Thursday, July 19th, 2012 - by John Ruberry

It has become an often familiar refrain. Every summer, there is another massive wildfire permeating through one, or several, of America’s forests. At one point or another, the fires have resulted from arsonists, drought or the simple missteps of campers lacking expertise in campfire management.

Root causes aside, it is inarguable that the double-edged sword of bureaucracy and single-minded activists have hamstrung America’s forests, sidelining proper forest management techniques.

The most disastrous fires often take their heaviest toll on forest land owned by the federal government, yet these blazes are often put into check once reaching private land. The distinction here lies in a simple formula: the prodding of activists has, in all too typical fashion, led the government to clamp down on federally-held forest land in such a way that it sets back proper management by hundreds of years. Ed Farnan, in IrishCentral, decried the policy of “restoring our forests to their former pre-mankind condition, man was taken out of the equation.”

The government has subsequently made forestry care an expensive task mired with red tape.

For an example, some have noted the “mega fire” that ensued around the Lake Tahoe basin around the California and Nevada border. With the land managed by what would appear a never ending stream of government bureaucracies and agency careerists, property owners were prohibited from even cleaning brush residing on their property by hand. The flames rose and subsumed 250 homes and 3,000 acres, largely due to management practices that opened the door for the fire to spread easily.

When left to property owners, the results speak clearly in showing that forests are often better cared for while doors are still opened to timber harvesting. Why? A vested interest in maintaining a healthy environment is a clear winner, not sidelining responsibility and endangering lives for the sake of activists’ wishes that forests return to prehistoric conditions.

In a recent New York Times piece, Paul Schwennesen, a south Arizona cattle rancher, not to mention Harvard grad, summed it up on point in saying that “there is no force on earth likely to breed sustainable management than the vested interested in owning the results of your actions.”

However, the Schwennesen-termed “professionals” and unelected bureaucrats continue to run roughshod over private management, impeding proper management capabilities for the sake of appeasement at a higher price. Costs of harvesting timber are continually proving too high and have made it “cheaper in some southwestern states to import lumber from as far away as New Zealand than to harvest and manufacture it locally.”

Certification discrimination for forests further compounds the problem. Though it has been made repeatedly clear that the majority of private forest owners prefer subscribing to Sustainable Forestry Initiative (SFI) standards for certification, as opposed to those of the Forest Stewardship Council (FSC), government regulations continually stonewall owners with a clear and present preference to FSC’s standards, whose stamp of approval further ramps up costs. Even worse, the unelected bureaucrats behind LEED certification standards have chosen to only recognize FSC forests as certifiable.

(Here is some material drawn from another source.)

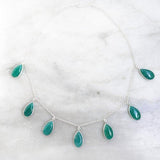 GREEN ONYX DROP SILVER NECKLACE - SILBERUH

Factor in the increased costs of FSC standards with the fact that 90% of FSC lands are located outside of North America, and the albatross of government’s impeding on proper forest care only rises.

Not only is the vicious cycle of idiocy taking its toll on America’s forests and endangering property owners, but add putting Americans out of work to the list, as well.

Logging jobs pay well and many communities near federally-owned forests are suffering a double hit: a stubborn recession that has severely hobbled the construction industry, coupled with federal policies that cater to environmentalists. A balanced-approach is needed, one that takes into consideration the people who live near the forests–and of course the economic well-being of the entire nation. Looking at the United States Forest Service web site, you learn that Gifford Pinchot, the first chief of the USFS, said the goal of the agency was “to provide the greatest amount of good for the greatest amount of people in the long run.” Or, as a Forest Service ranger in Utah told me a couple of years ago, “These are lands of many uses.”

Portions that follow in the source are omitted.